* Goal of the exercise
A faithful transcript of all the lines below, with no pictures, is the goal here.

* Data listing
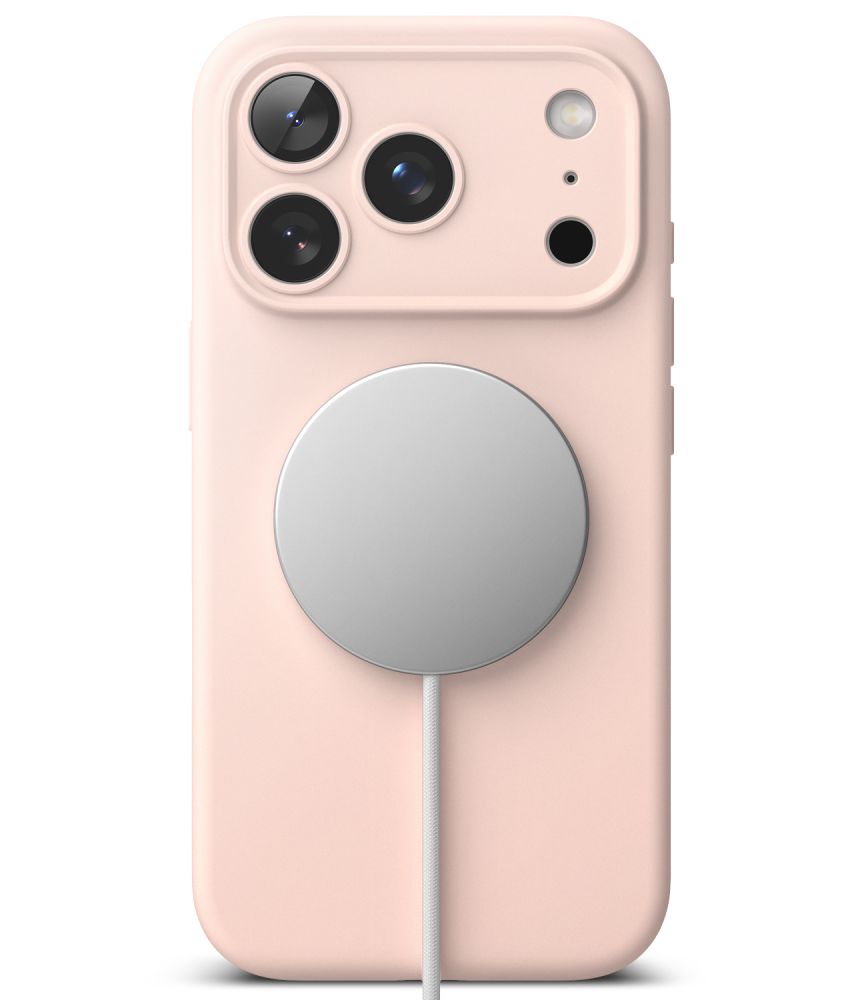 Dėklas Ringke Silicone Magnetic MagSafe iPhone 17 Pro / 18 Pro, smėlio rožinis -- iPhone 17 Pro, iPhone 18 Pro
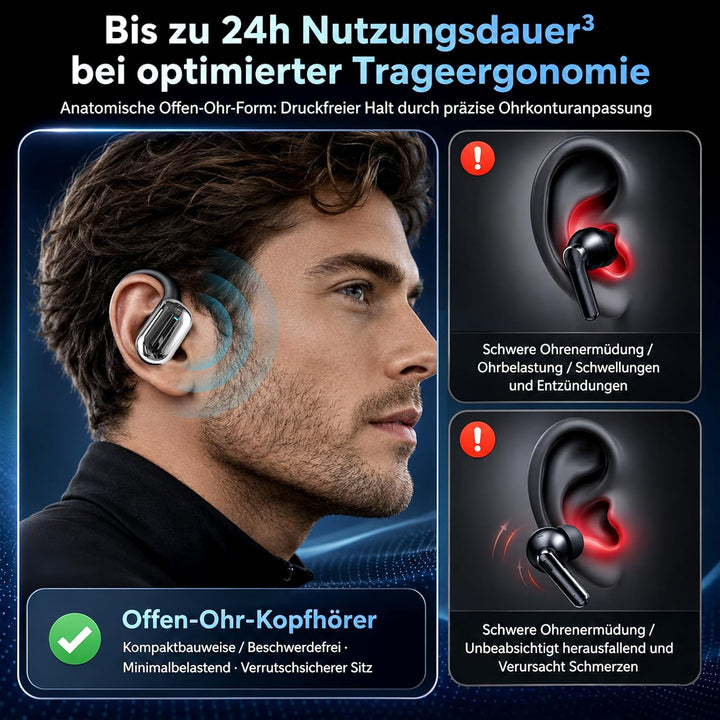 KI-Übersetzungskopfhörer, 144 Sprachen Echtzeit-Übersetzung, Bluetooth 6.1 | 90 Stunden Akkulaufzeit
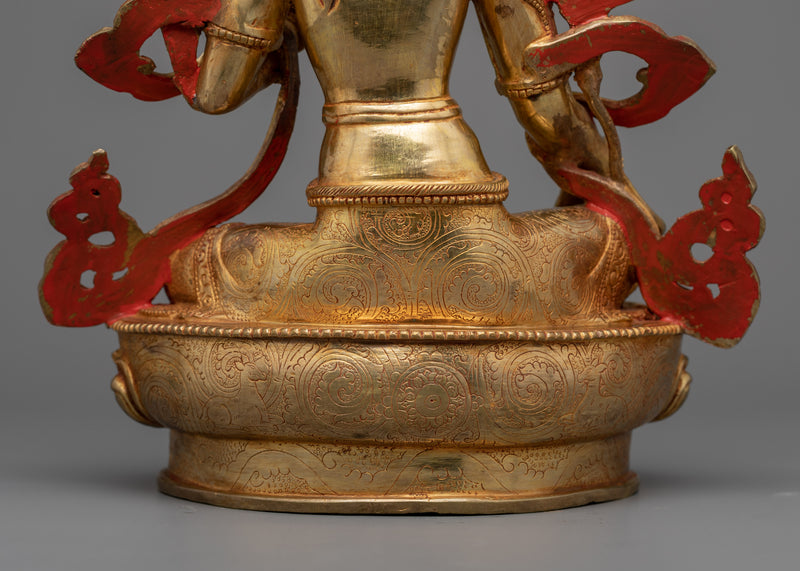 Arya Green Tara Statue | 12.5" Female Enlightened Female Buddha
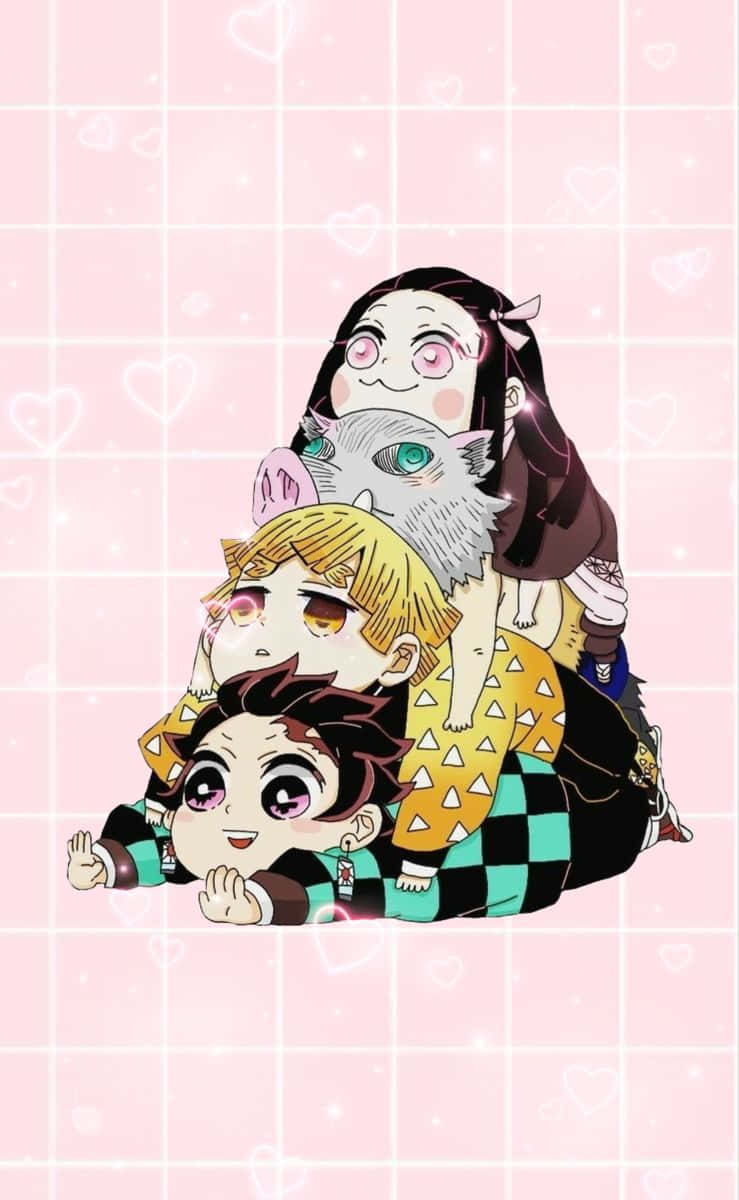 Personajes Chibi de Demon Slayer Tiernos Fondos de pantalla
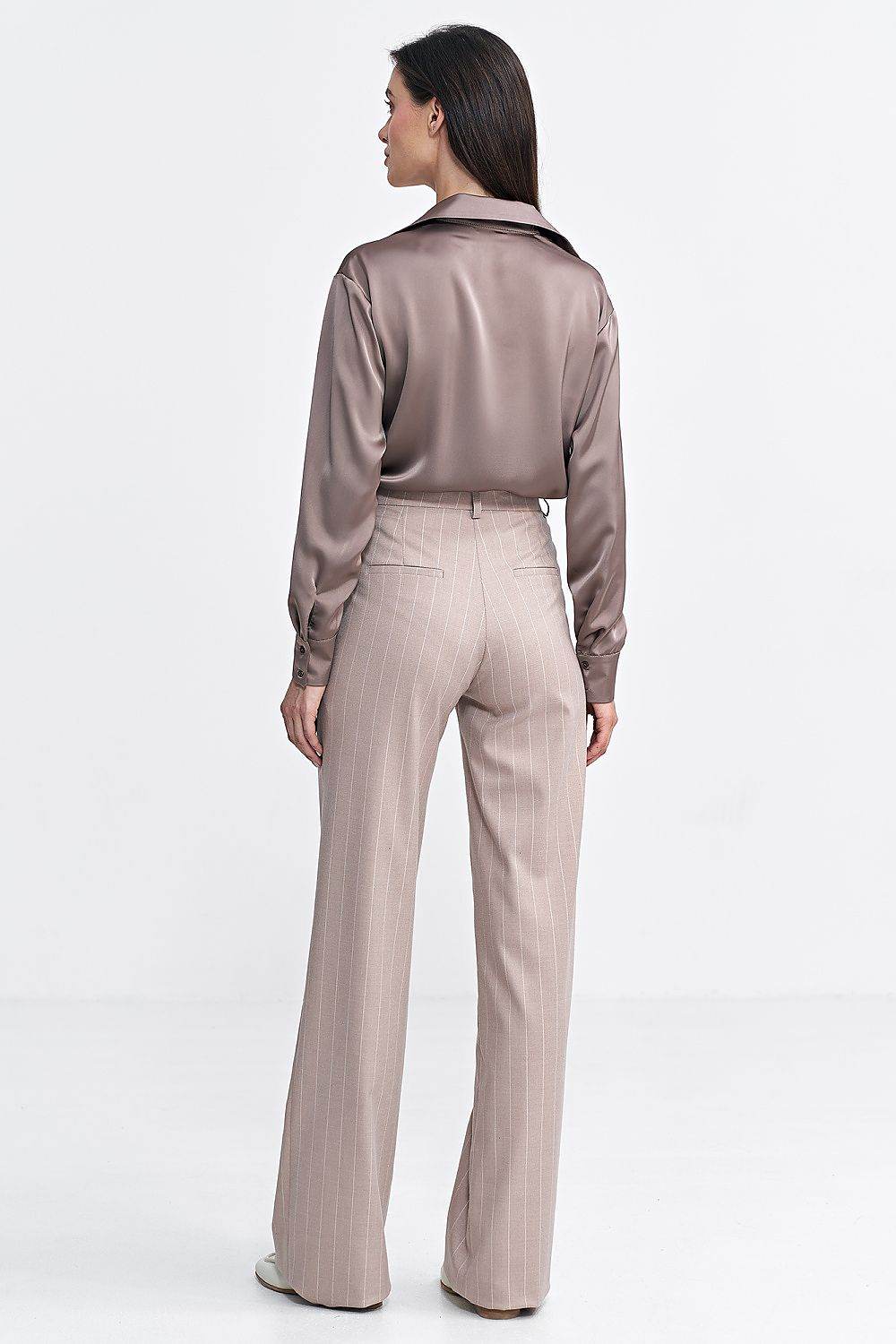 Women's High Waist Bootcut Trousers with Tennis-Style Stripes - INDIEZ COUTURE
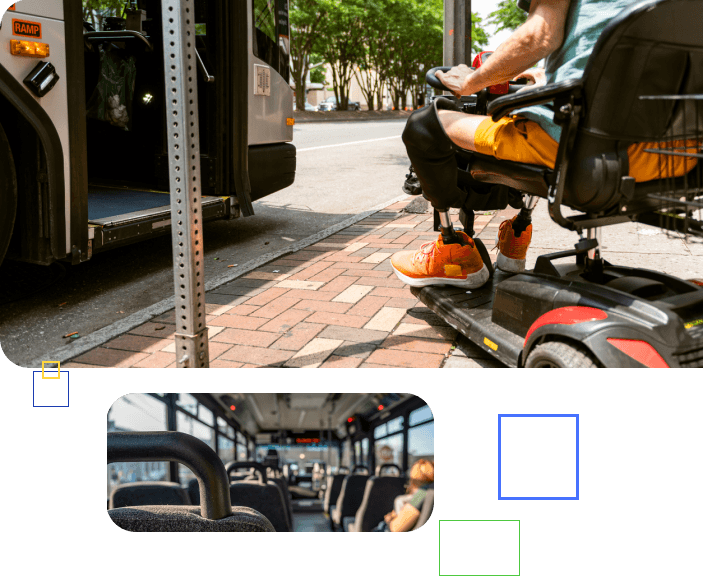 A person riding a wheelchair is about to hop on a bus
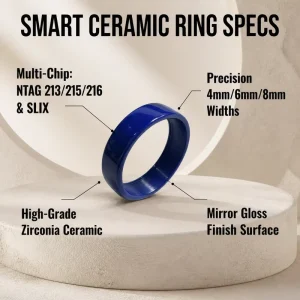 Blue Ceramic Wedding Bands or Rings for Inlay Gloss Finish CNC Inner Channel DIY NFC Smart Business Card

* Written reply
 Dėklas Ringke Silicone Magnetic MagSafe iPhone 17 Pro / 18 Pro, smėlio rožinis -- iPhone 17 Pro, iPhone 18 Pro
 KI-Übersetzungskopfhörer, 144 Sprachen Echtzeit-Übersetzung, Bluetooth 6.1 | 90 Stunden Akkulaufzeit
 Arya Green Tara Statue | 12.5" Female Enlightened Female Buddha
 Personajes Chibi de Demon Slayer Tiernos Fondos de pantalla
 Women's High Waist Bootcut Trousers with Tennis-Style Stripes - INDIEZ COUTURE
 A person riding a wheelchair is about to hop on a bus
 Blue Ceramic Wedding Bands or Rings for Inlay Gloss Finish CNC Inner Channel DIY NFC Smart Business Card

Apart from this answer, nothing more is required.